The City watchdog has said it is concerned that firms have not heeded warnings following a raft of high-profile data security blunders.
A small-scale survey of financial firms including banks and insurance companies by the Financial Services Authority (FSA) found that nearly half of respondents offered no data security training for staff.
Failings such as sending unprotected customer details through the post and not vetting junior staff with access to large pools of data were also discovered.
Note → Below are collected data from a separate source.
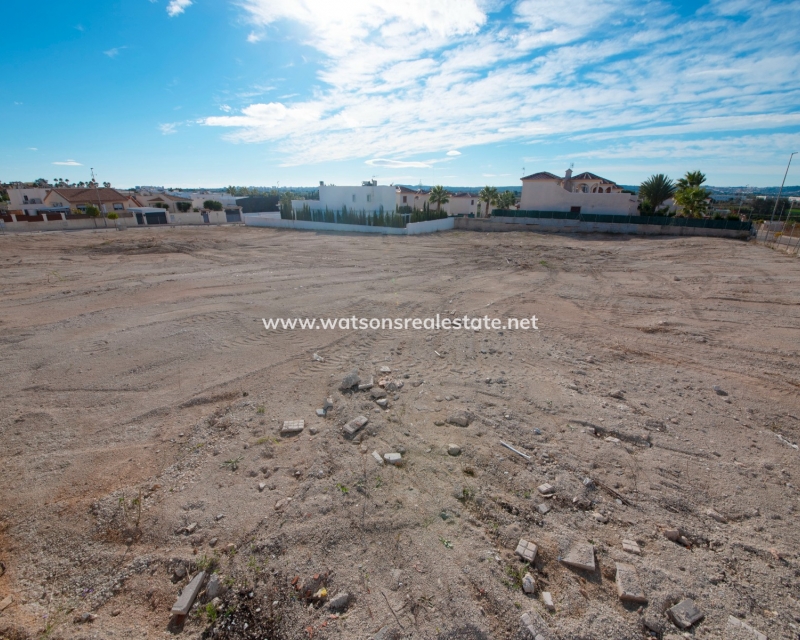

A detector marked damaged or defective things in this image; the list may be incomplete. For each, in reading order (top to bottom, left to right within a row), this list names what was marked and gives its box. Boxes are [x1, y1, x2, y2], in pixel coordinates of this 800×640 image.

broken concrete piece [340, 370, 360, 390]
broken concrete piece [282, 420, 306, 436]
broken concrete piece [344, 416, 368, 436]
broken concrete piece [446, 412, 472, 428]
broken concrete piece [536, 482, 556, 498]
broken concrete piece [516, 536, 540, 564]
broken concrete piece [560, 544, 596, 572]
broken concrete piece [620, 540, 640, 556]
broken concrete piece [171, 572, 206, 616]
broken concrete piece [520, 576, 536, 596]
broken concrete piece [616, 564, 648, 604]
broken concrete piece [664, 600, 704, 632]
broken concrete piece [724, 616, 768, 640] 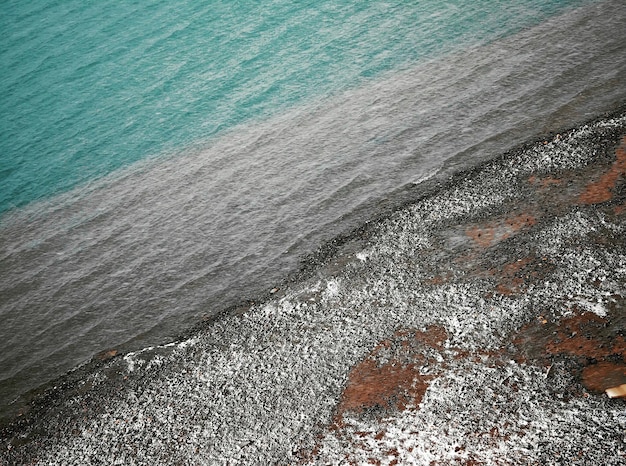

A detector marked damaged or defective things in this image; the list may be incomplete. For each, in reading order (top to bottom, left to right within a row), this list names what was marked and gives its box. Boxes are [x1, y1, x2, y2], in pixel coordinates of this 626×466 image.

rusty coloured patch [576, 137, 624, 206]
rusty coloured patch [466, 214, 532, 249]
The actions came despite a series of security breaches, including last year's HM Revenues and Customs' loss of computer discs containing the details of 25 million people. And earlier this month banking giant HSBC admitted losing a disc from its Southampton office containing details of 370,000 customers.
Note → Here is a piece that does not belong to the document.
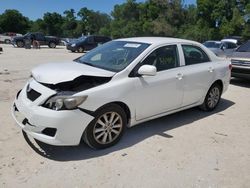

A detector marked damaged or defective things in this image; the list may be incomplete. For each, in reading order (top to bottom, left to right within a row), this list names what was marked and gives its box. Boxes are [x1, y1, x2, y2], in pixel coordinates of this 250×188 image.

Philip Robinson, the FSA's director of financial crime and intelligence, said: "It is worrying that despite increased public awareness of the impact that identity theft can have on customers, many firms are still not taking this risk seriously.
"Customers have a right to be confident that firms are doing everything reasonably possible to keep their personal and financial details safe."
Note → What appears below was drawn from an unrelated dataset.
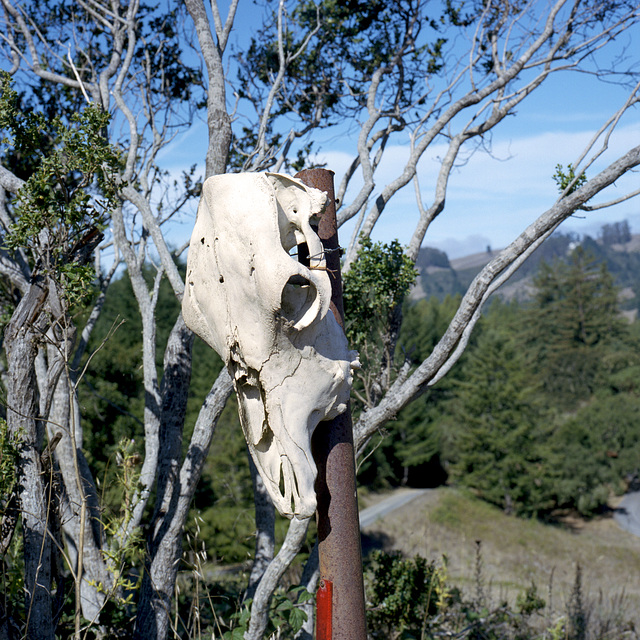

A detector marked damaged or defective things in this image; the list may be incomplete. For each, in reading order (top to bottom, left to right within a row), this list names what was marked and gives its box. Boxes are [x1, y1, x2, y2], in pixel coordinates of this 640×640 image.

rusty metal pole [294, 169, 368, 640]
He added: "Firms getting data security right is a key priority for the FSA and we expect the industry to raise its standards."
The survey found that nearly half of the firms visited offered no data security training at all, with another quarter asked staff to certify they had read the policy but did not test their understanding.
Firms' vetting of staff was also variable, the FSA said. Most stringent checks were applied to senior staff but there was "little consideration of the risk that junior staff with access to large volumes of customer data may facilitate financial crime."
Read More
Large firms spent too much focus on IT controls and not enough on office procedures, monitoring and due diligence, it added. Compilers said medium-sized and small firms were the worst offenders for data security.